Proposed by Vinasetan Ratheil Houndji, Pierre Schaus, Laurence Wolsey, Yves Deville
Discrete Lot Sizing and Scheduling Problem (DLSP) is a production planning problem which consists of determining a minimal cost production schedule (production costs, setup costs, changeover costs, stocking costs, etc.), such that machine capacity restrictions are not violated, and demand for all products is satisfied. The planning horizon is discrete and finite.
The variant described here is the one used for experiments in The StockingCost Constraint.

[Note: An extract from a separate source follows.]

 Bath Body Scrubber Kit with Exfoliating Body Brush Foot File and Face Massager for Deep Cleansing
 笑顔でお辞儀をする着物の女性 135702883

It is a multi-item, single machine problem with capacity of production limited to one per period. There are storage costs and sequence-dependent changeover costs, respecting the triangle inequality. Each order consisting of one unit of a particular item has a due date and must be produced at latest by its due date. The stocking (inventory) cost of an order is proportional to the number of periods between the due date and the production period. The changeover cost $q^{i,j}$ is induced when passing from the production of item $i$ to another one $j$ with $q^{i,i} = 0, \forall i$. Here, backlogging is not allowed. The objective is to assign a production period for each order respecting its due date and the machine capacity constraint so as to minimize the sum of stocking costs and changeover costs.

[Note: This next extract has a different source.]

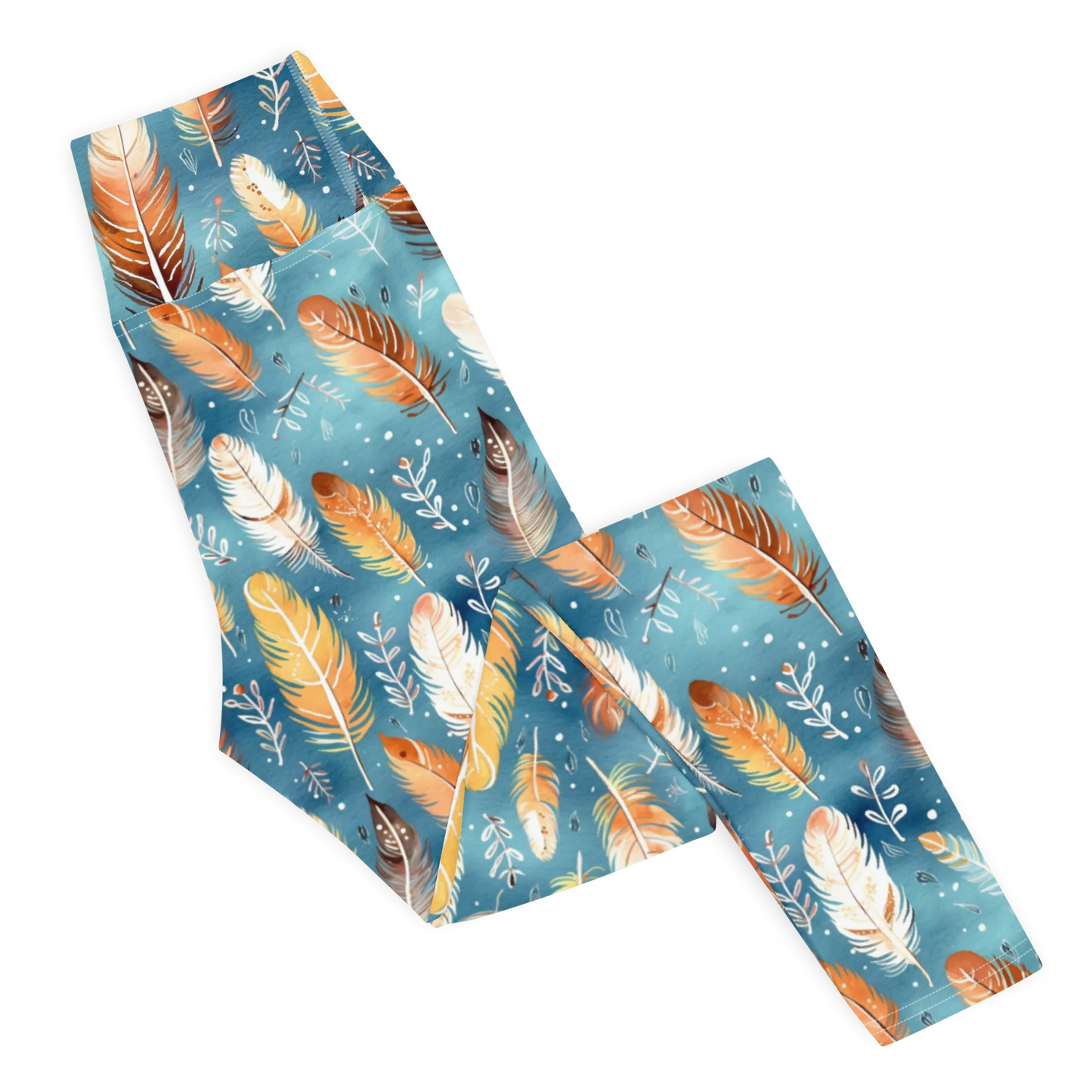 Blue & Orange Feather's Tale Yoga Leggings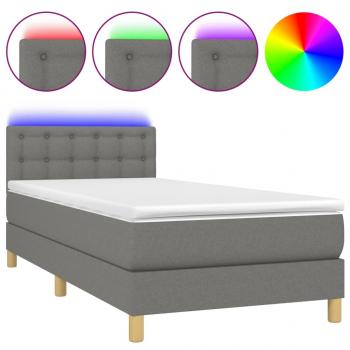 Boxspringbett mit Matratze & LED Dunkelgrau 100x200 cm Stoff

Example : Consider the problem with the following input data: number of items type $nbItems = 2$; number of periods $nbPeriods = 5$; stocking cost $h= 2$; demand times for items of type 1 $d^1_{t \in {1,\ldots,5}} = (0, 1, 0, 0, 1)$ and for items of type 2 $d^2_{t \in {1,\ldots,5}} = (1, 0, 0, 0, 1)$; $q^{1,2} = 5$, $q^{2,1} = 3$. A feasible solution of this problem is $productionPlan = (2, 1, 2, 0, 1)$ which means that item $2$ will be produced in period $1$; item $1$ in period $2$; item $2$ in period $3$ and item $1$ in period $5$. Note that there is no production in period $4$, it is an idle period. The cost associated to this solution is $q^{2,1}+q^{1,2}+q^{2,1}+2*h = 15$ but it is not the optimal cost. The optimal solution is $productionPlan = (2,1,0,1,2)$ with the cost $q^{2,1}+q^{1,2}+h= 10$.